Start to finish, print the entries exactly, and carry none of the pictures over.

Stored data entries
◇ ◇ ◇ ◇

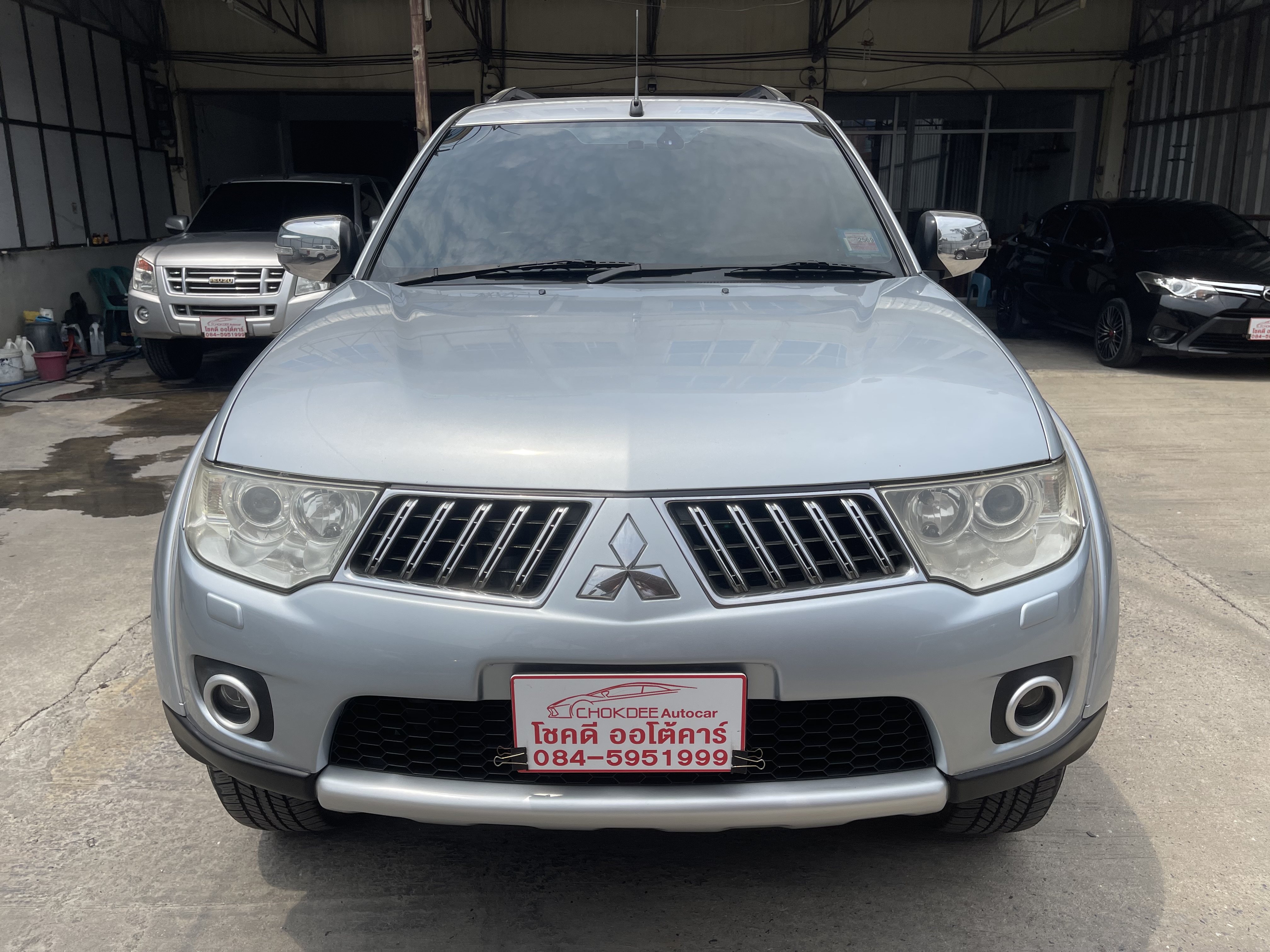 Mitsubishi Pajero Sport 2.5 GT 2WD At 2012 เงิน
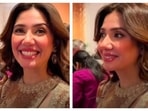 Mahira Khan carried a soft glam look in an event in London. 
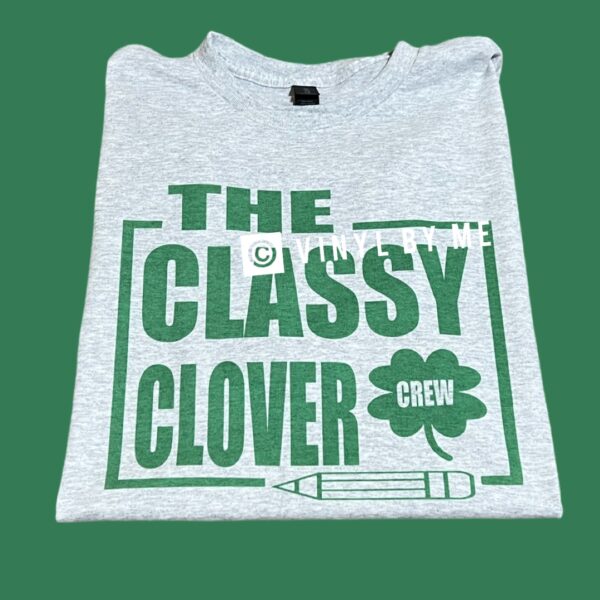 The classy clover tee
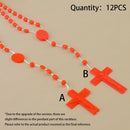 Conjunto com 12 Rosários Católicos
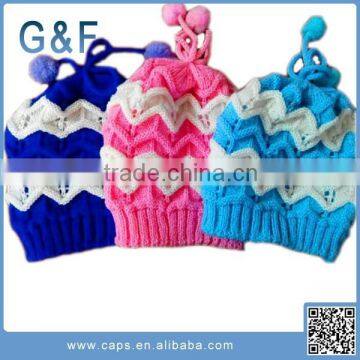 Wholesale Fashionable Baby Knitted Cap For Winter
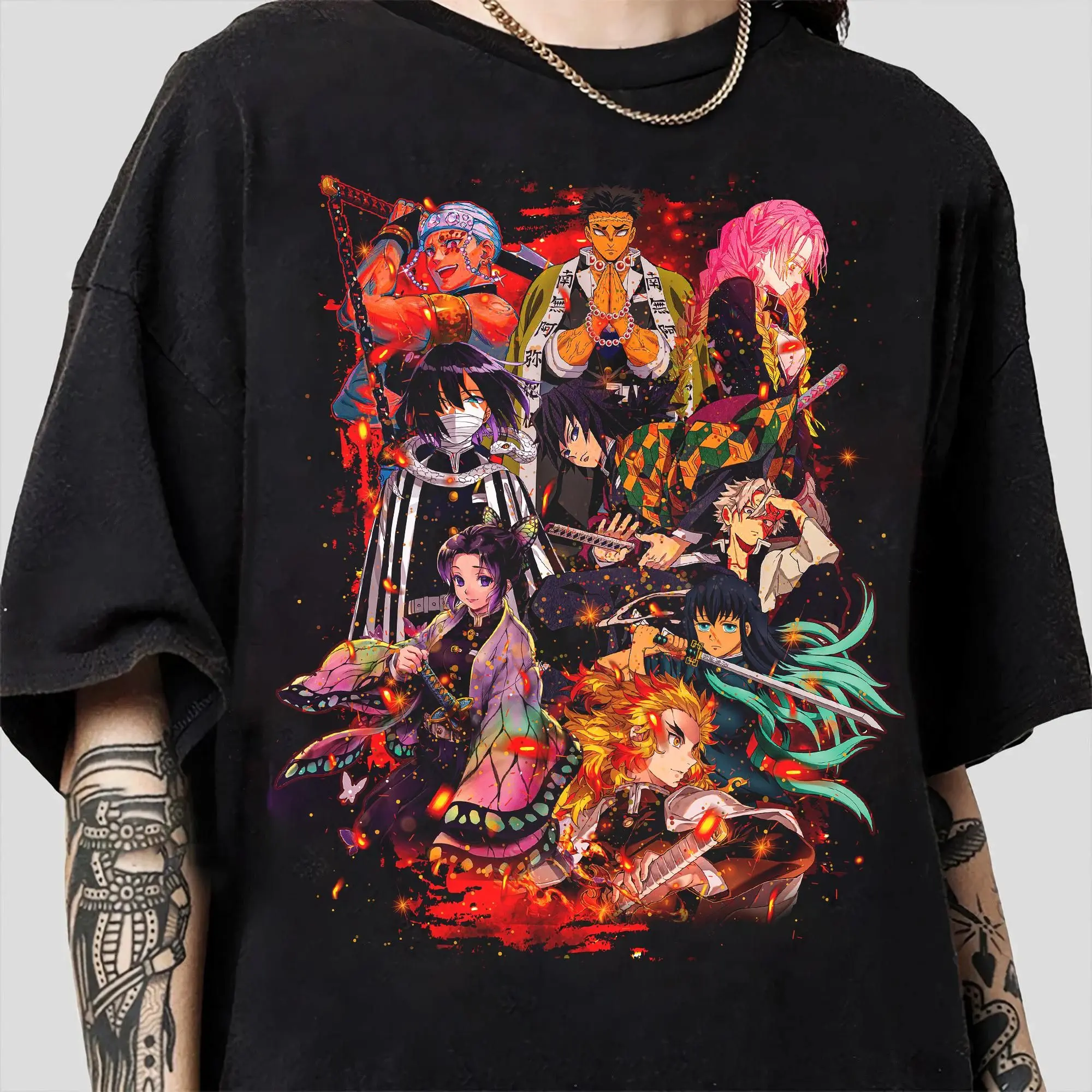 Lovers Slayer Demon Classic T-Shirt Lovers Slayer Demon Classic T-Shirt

◇ ◇ ◇ ◇

**ANSWER TO THE EXERCISE:**
 Mitsubishi Pajero Sport 2.5 GT 2WD At 2012 เงิน
 Mahira Khan carried a soft glam look in an event in London. 
 The classy clover tee
 Conjunto com 12 Rosários Católicos
 Wholesale Fashionable Baby Knitted Cap For Winter
 Lovers Slayer Demon Classic T-Shirt Lovers Slayer Demon Classic T-Shirt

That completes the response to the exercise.